There has been a highly questionnable public consultation process around rapid transit. Over the last year we had many public forums, but in each one we were told that rapid transit was a done deal and the only parameters to be discussed were route location. Also we were told that "details" like location of stops would be dealt with "later". (For Waterloo, they showed the stop location as a big circle on a map that spanned all of uptown.) Videos were shown of rapid transit systems in other cities - never mentioning that Waterloo Region is a fraction of the size of those cities, and transportation professionals consider that we have much too low density of workers (even in the foreseeable future) to sustain a rapid transit system. None of the side-effects, such as draining resources from the traditional bus system, were mentioned.

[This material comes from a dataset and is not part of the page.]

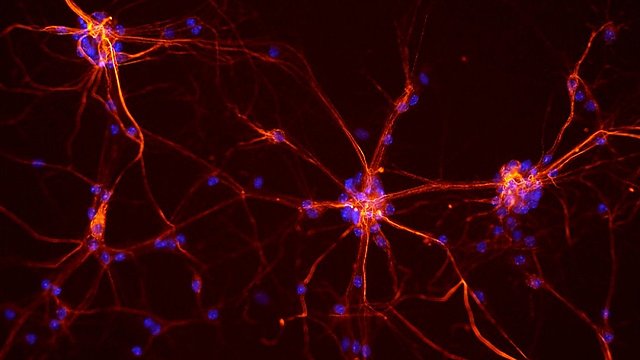 Llamada de aprendizaje Hebb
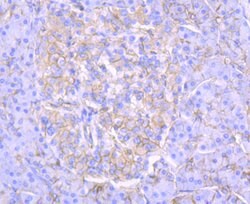 Invitrogen alpha-II Spectrin Recombinant Rabbit Monoclonal Antibody (JU32-09)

Rapid transit is not a project for the far future. The Region is fast-tracking it, and while we still don't know the details of the route through uptown Waterloo or the location of stops in uptown, we are told that the shovels will hit the ground soon. Apparently there is someone very powerful in the Region who sees this as his legacy project (Ken Seiling?) and refuses to accept any opposition. As soon as 2010, the successful small uptown core of Waterloo may be destroyed forever.

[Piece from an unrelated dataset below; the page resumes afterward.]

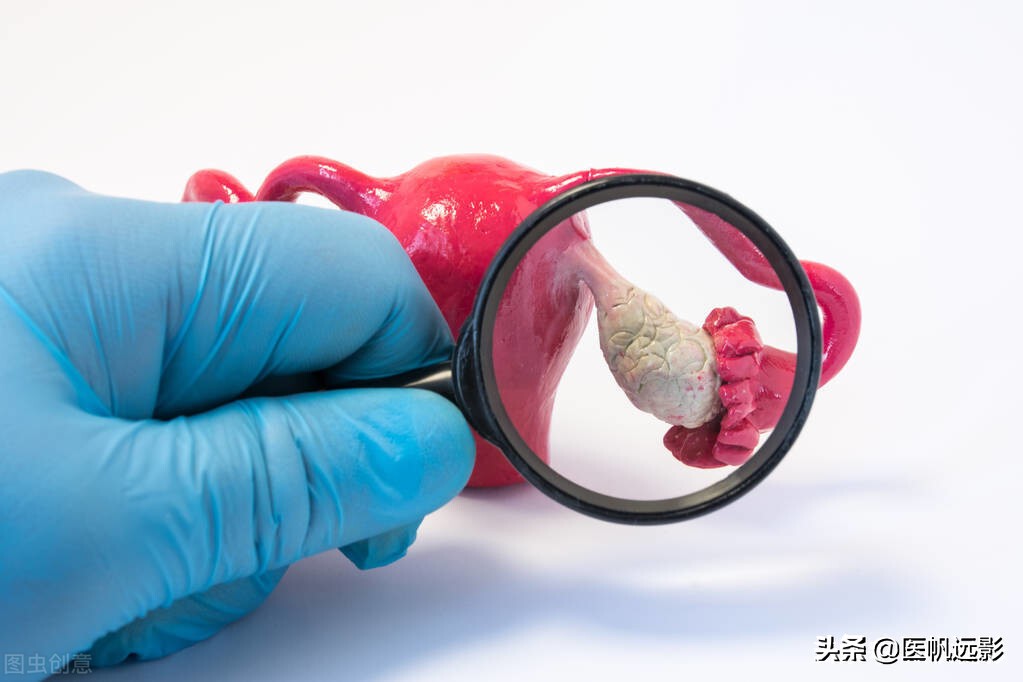 养好卵巢女人更美丽,卵巢健康图文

Do we need to find ways to make Waterloo less of a car city? Absolutely! Planning in Waterloo has been atrocious: we have far-flung subdivisions and industrial parks, box stores like our latest atrocity, Wal-Mart, at the north end of town, a general urban sprawl that makes a car almost mandatory. But the rapid transit proposal does not do one thing to address that problem. It will probably make car dependence worse as it siphons resources from existing bus routes.
Added to all its disadvantages, rapid transit doesn't provide a lot of advantages. It turns out that it's not that much faster than regular buses, because while it doesn't stop as often, it still has to maintain city speed limits. It provides potential for higher capacity of riders, but it strips away a lot of the flexibility of buses: if transit patterns change, we'll be stuck with the expensive route that is built initially. The only real solid advantage of rapid transit comes if it is rail transit, and that is that the trains will look really cool. That's simply not enough.
What can we as citizens do? Raise bloody hell. The city is going to decide how to respond soon, and while there is a lot of unease in City Hall about the plans, most residents don't seem to understand the changes that are about to come and so they aren't worried. It is not clear whether the city can stop the Region, but we must at least try.